# Phoenix Gold TLD66 Line Driver question..



## quiXilver (Feb 22, 2007)

I posted this on my car audio forum, but figured I'd throw it up here as well.

My roommate has the TLD66 6 channel line driver from Phoenix Gold. We wanted to install it to see how much better we could get the system to sound. When we installed it, we had the head units volume (CDA-7995) at 30 out of 35, turned the amp (JL A6450) to High Voltage mode, and tried to adjust one of the gains on the line driver, after a very small adjustment the line driver cuts the output and then starts smoking. We pulled the power, then re-powered it with the line drivers adjustment back on 0 and it comes right back on. When we turn the head units volume to something low like 5-10, we can turn the gain on the line driver all the way up with no problems. 

Question: Do you have an idea why the line driver is cutting out so early?

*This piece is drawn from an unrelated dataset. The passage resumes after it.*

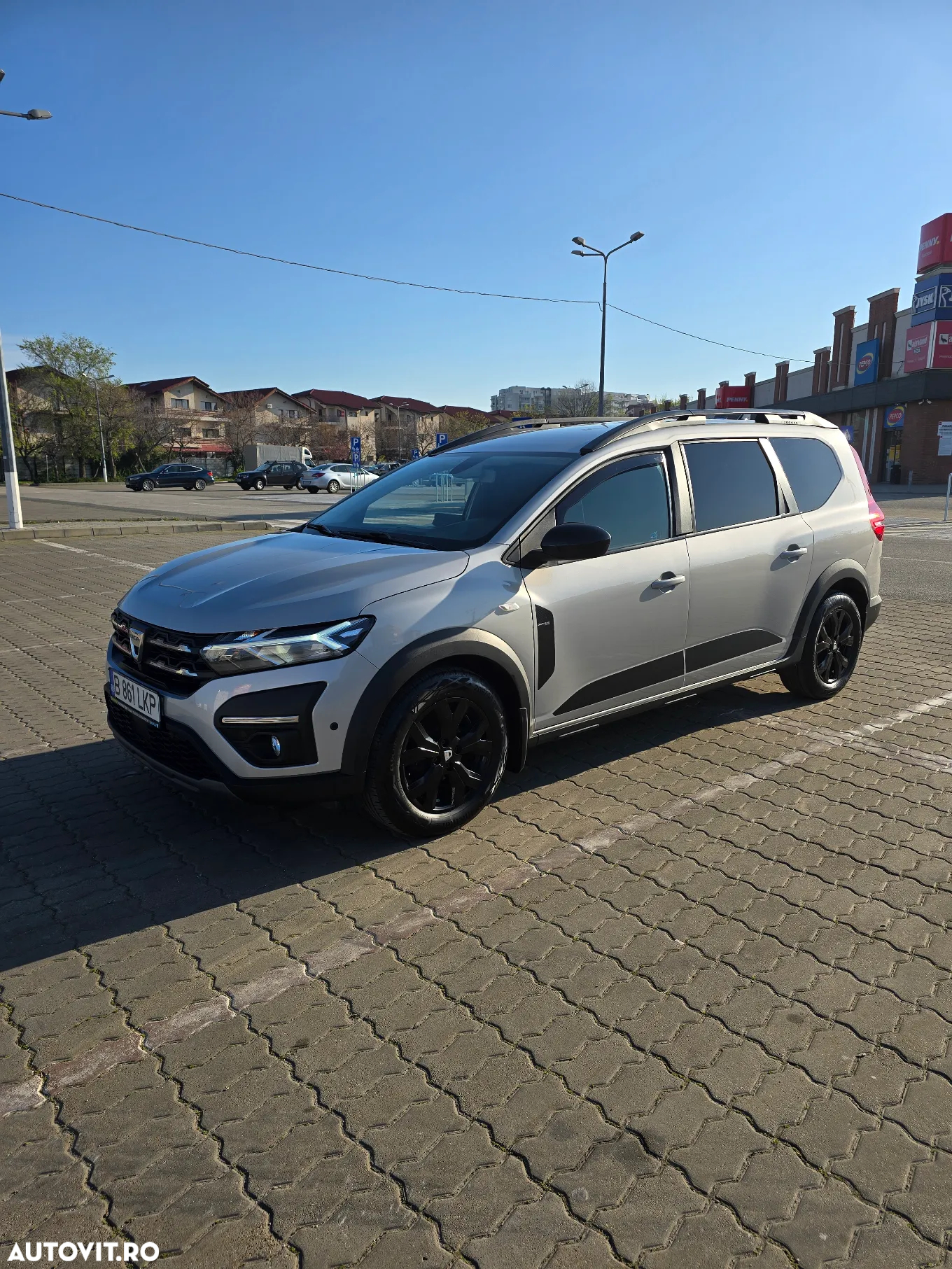 Dacia Jogger 5 locuri ECO-G 100 SL Extreme - 2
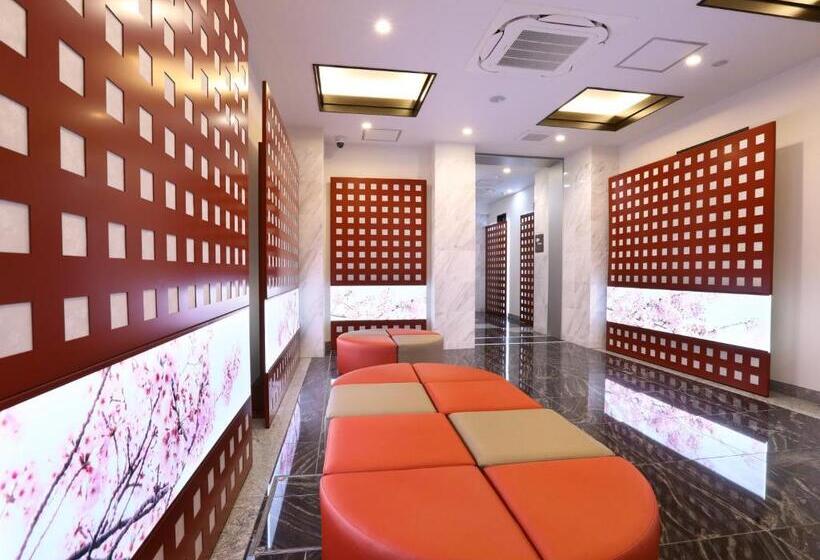 Fotos del hotel Wing International Select Ueno Okachimachi:  11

...and if we put the amp in "Low voltage" mode, it bumps the volume way up and sounds real good, but isn't the low voltage mode for things under 4V? I have the Alpine CDA-7995 that's supposed to have a 4V output already, and when we run the outputs straight to the amp in "High Voltage" mode, you have to turn the amps "sensitivity" all the way up and the speakers aren't even loud enough, (or make it to the point of distortion).

Thanks for taking the time to read my post! We are at a loss on this one!


----------



## jaggerwild (May 21, 2007)

Research "high level/low level" in puts.................. You may need to switch witch one your using here.


----------